*** Dataset ***

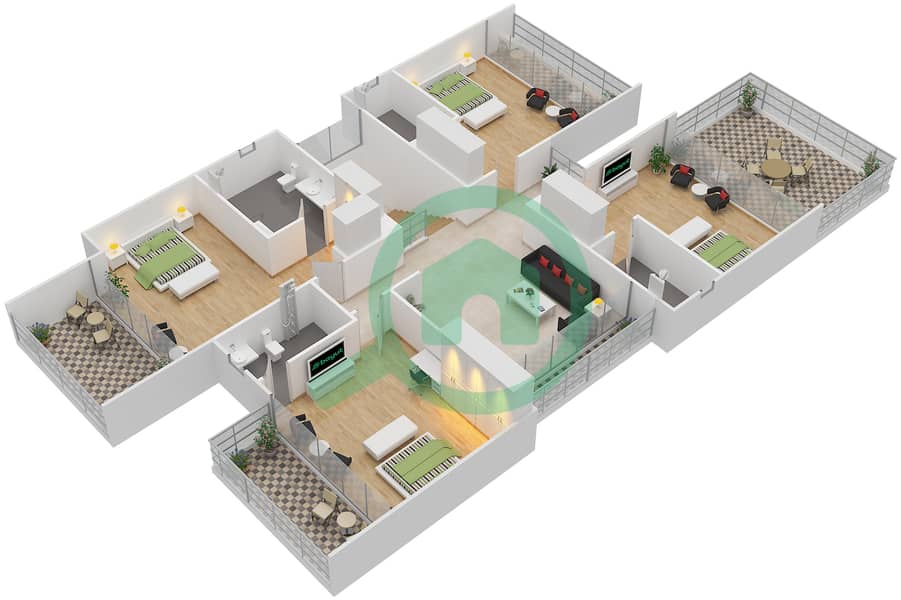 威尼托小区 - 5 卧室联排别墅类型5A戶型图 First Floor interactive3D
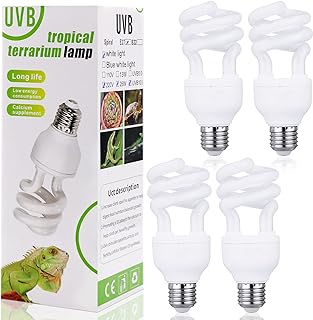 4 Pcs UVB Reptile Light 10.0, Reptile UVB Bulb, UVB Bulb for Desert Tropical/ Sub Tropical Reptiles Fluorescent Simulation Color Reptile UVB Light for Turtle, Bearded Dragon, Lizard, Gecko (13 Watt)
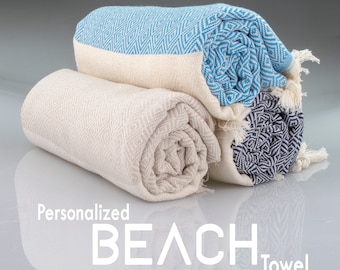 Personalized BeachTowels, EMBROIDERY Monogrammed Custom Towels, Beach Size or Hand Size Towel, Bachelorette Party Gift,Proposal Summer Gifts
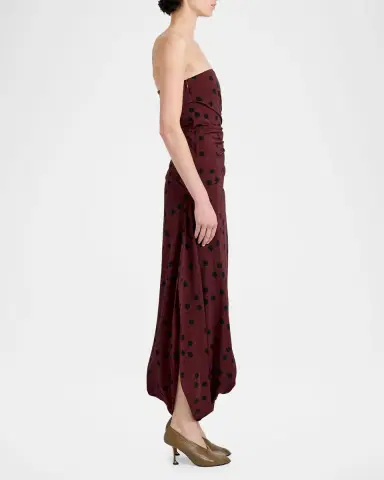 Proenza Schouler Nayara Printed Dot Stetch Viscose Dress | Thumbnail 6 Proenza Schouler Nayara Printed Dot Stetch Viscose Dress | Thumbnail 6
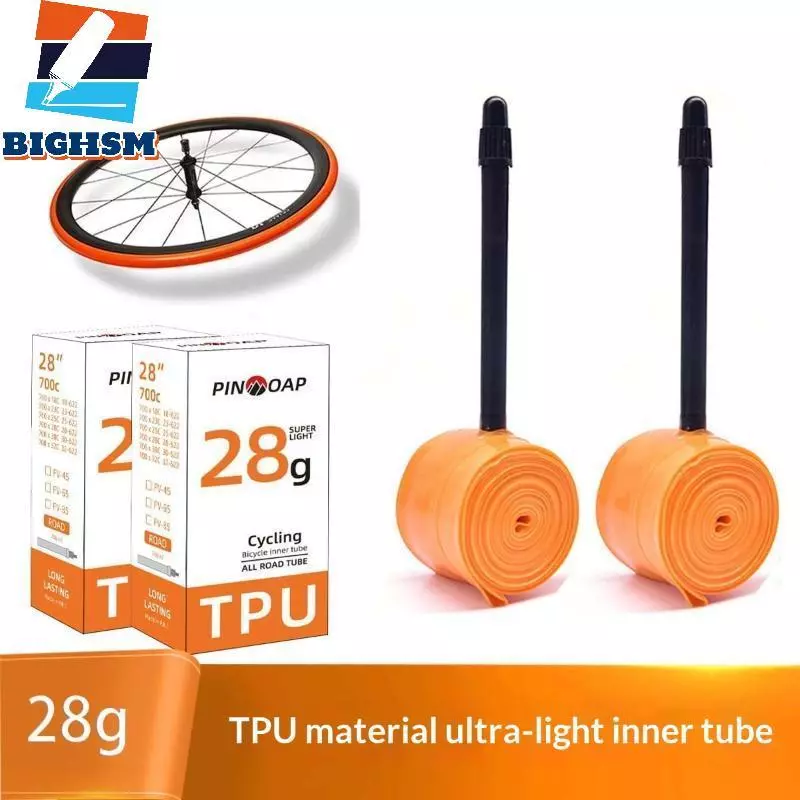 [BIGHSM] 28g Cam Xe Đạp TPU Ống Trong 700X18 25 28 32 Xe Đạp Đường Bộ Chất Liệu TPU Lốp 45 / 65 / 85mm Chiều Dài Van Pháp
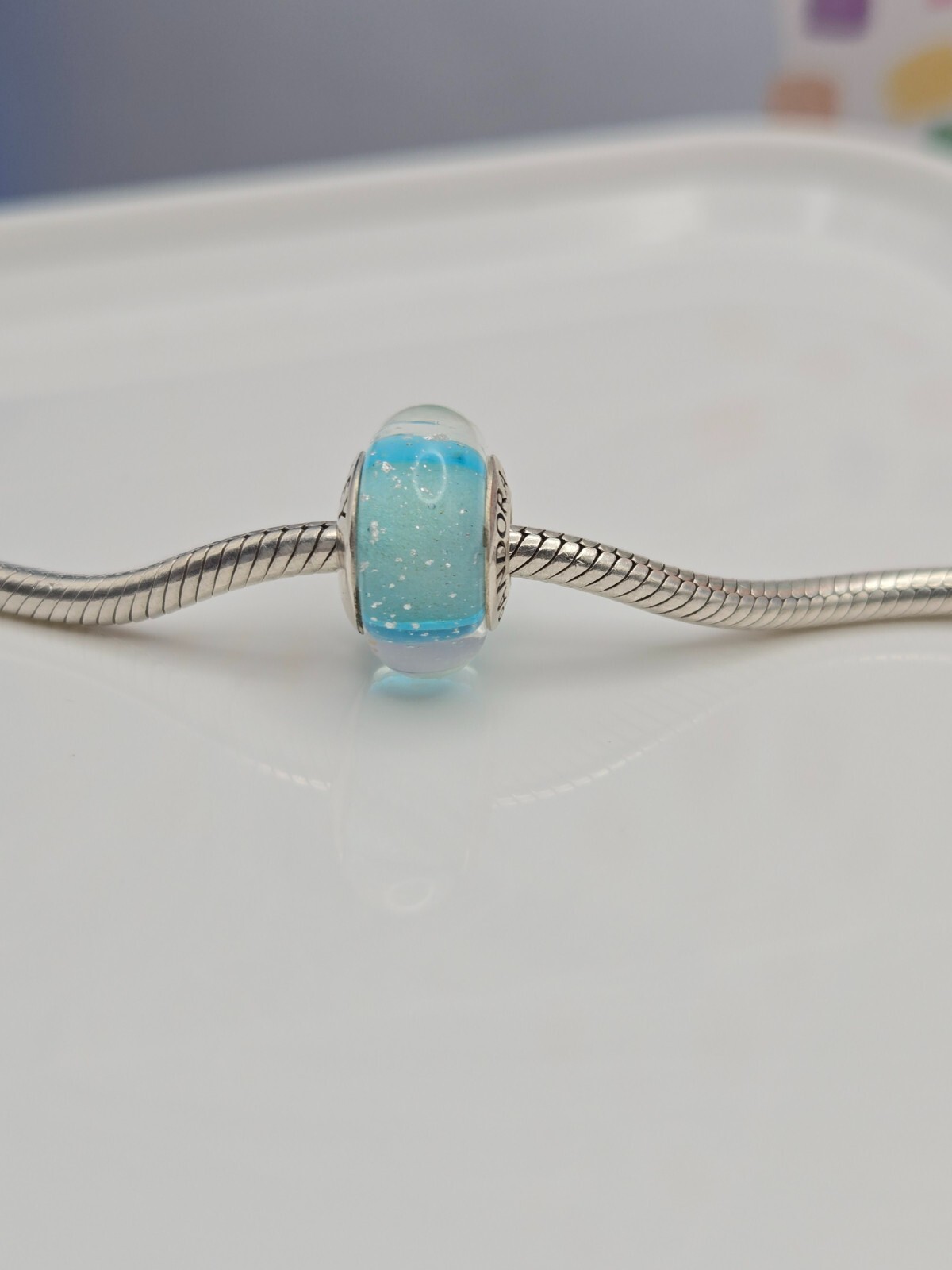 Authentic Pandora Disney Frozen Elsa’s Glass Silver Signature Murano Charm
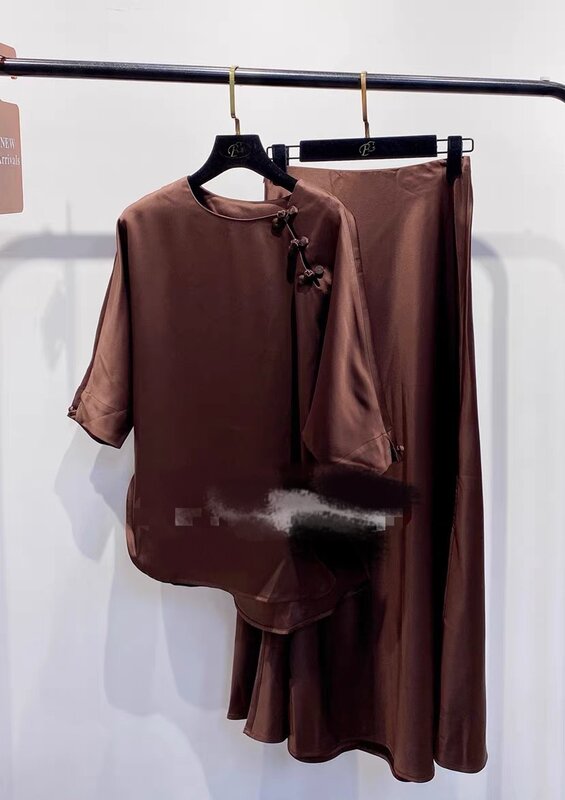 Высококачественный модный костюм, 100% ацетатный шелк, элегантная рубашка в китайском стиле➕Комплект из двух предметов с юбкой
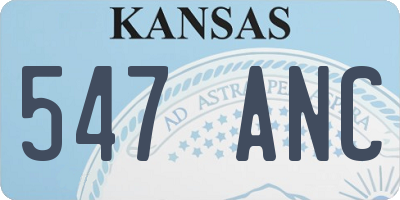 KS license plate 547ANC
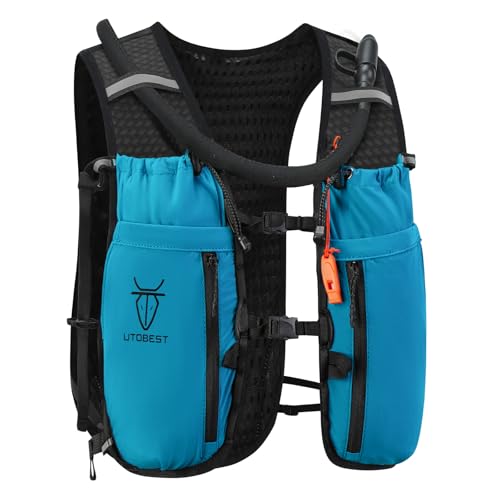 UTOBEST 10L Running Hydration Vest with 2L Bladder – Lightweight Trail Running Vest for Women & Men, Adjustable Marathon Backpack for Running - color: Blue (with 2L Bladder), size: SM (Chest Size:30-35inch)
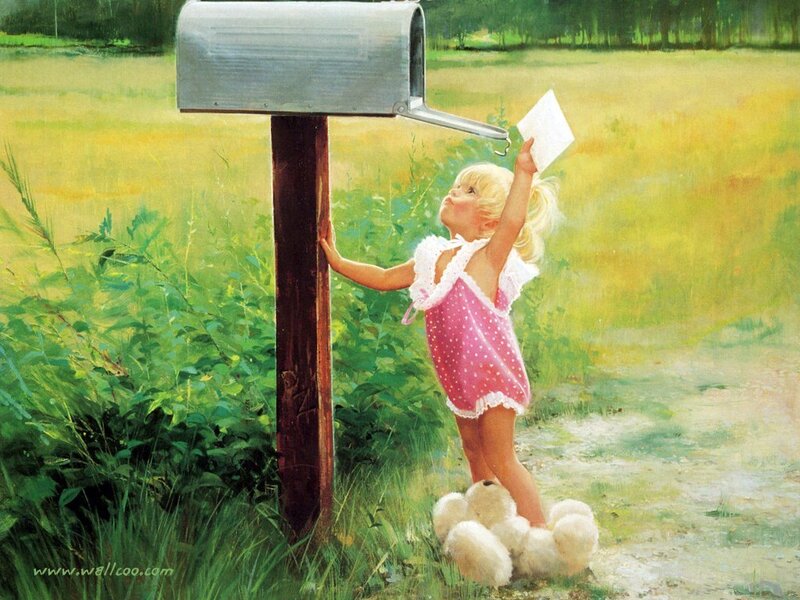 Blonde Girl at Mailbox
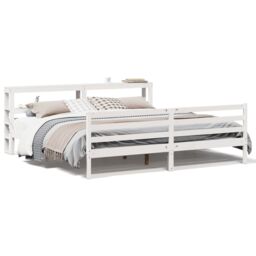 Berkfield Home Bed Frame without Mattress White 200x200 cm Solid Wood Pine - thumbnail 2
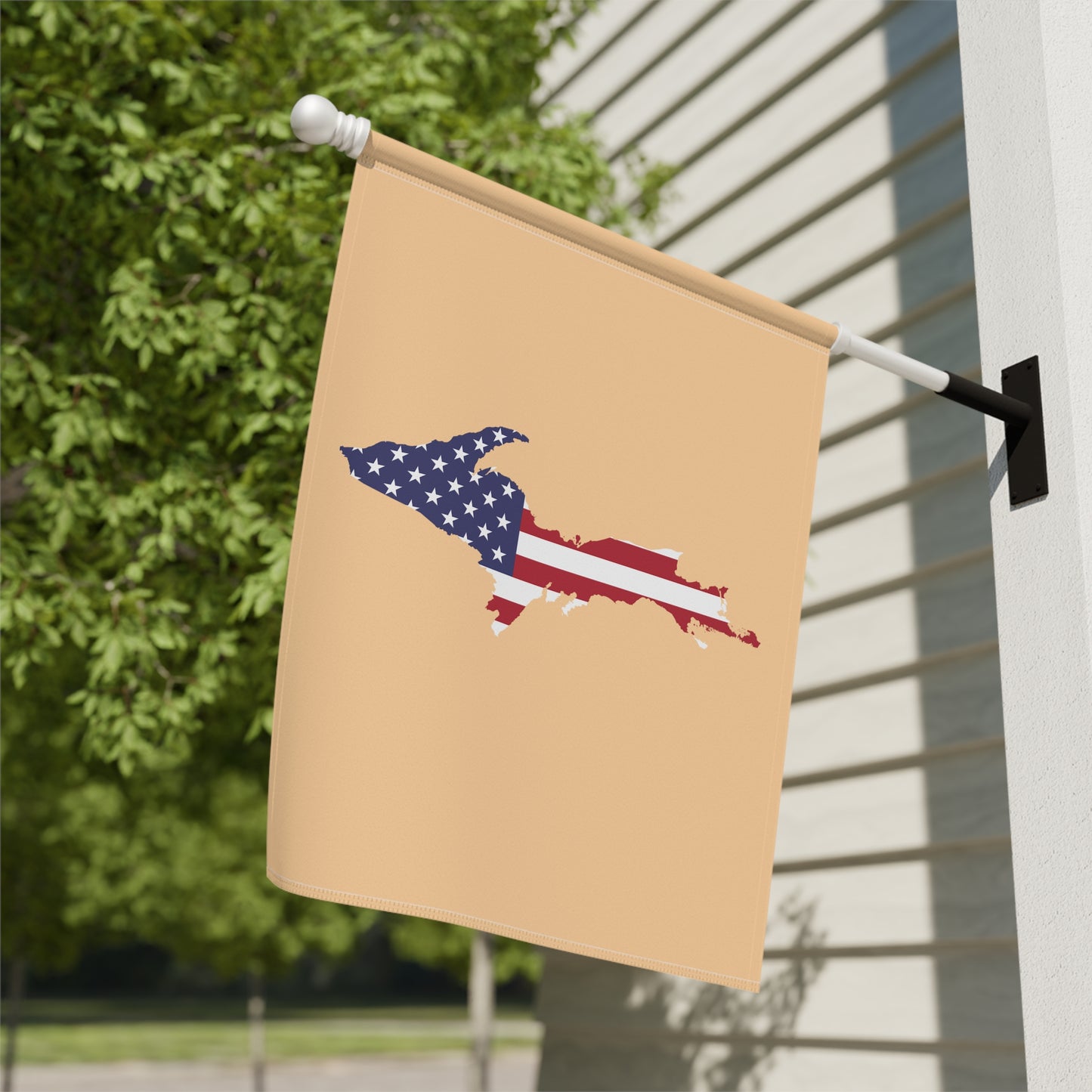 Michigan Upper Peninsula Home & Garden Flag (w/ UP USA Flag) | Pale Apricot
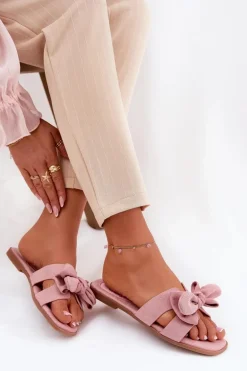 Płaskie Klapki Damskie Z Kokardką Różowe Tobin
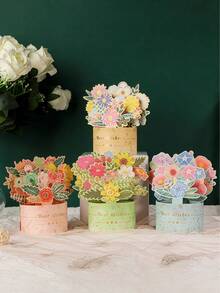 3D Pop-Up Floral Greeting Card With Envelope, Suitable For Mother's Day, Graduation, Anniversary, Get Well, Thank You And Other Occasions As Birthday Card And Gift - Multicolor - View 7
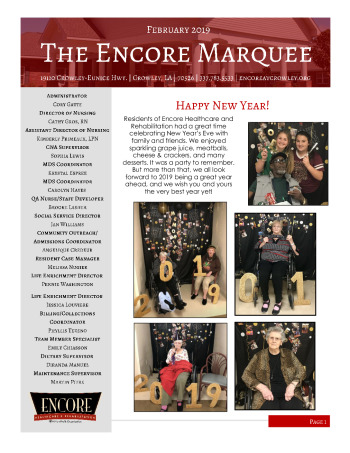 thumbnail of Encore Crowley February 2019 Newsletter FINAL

*** End of Dataset ***

**Exercise instructions**
Please retype, exactly as they appear, the lines from the one with "4 Pcs UVB Reptile" through the final line of the material, both included, and drop any pictures.

**Task solution**
 4 Pcs UVB Reptile Light 10.0, Reptile UVB Bulb, UVB Bulb for Desert Tropical/ Sub Tropical Reptiles Fluorescent Simulation Color Reptile UVB Light for Turtle, Bearded Dragon, Lizard, Gecko (13 Watt)
 Personalized BeachTowels, EMBROIDERY Monogrammed Custom Towels, Beach Size or Hand Size Towel, Bachelorette Party Gift,Proposal Summer Gifts
 Proenza Schouler Nayara Printed Dot Stetch Viscose Dress | Thumbnail 6 Proenza Schouler Nayara Printed Dot Stetch Viscose Dress | Thumbnail 6
 [BIGHSM] 28g Cam Xe Đạp TPU Ống Trong 700X18 25 28 32 Xe Đạp Đường Bộ Chất Liệu TPU Lốp 45 / 65 / 85mm Chiều Dài Van Pháp
 Authentic Pandora Disney Frozen Elsa’s Glass Silver Signature Murano Charm
 Высококачественный модный костюм, 100% ацетатный шелк, элегантная рубашка в китайском стиле➕Комплект из двух предметов с юбкой
 KS license plate 547ANC
 UTOBEST 10L Running Hydration Vest with 2L Bladder – Lightweight Trail Running Vest for Women & Men, Adjustable Marathon Backpack for Running - color: Blue (with 2L Bladder), size: SM (Chest Size:30-35inch)
 Blonde Girl at Mailbox
 Berkfield Home Bed Frame without Mattress White 200x200 cm Solid Wood Pine - thumbnail 2
 Michigan Upper Peninsula Home & Garden Flag (w/ UP USA Flag) | Pale Apricot
 Płaskie Klapki Damskie Z Kokardką Różowe Tobin
 3D Pop-Up Floral Greeting Card With Envelope, Suitable For Mother's Day, Graduation, Anniversary, Get Well, Thank You And Other Occasions As Birthday Card And Gift - Multicolor - View 7
 thumbnail of Encore Crowley February 2019 Newsletter FINAL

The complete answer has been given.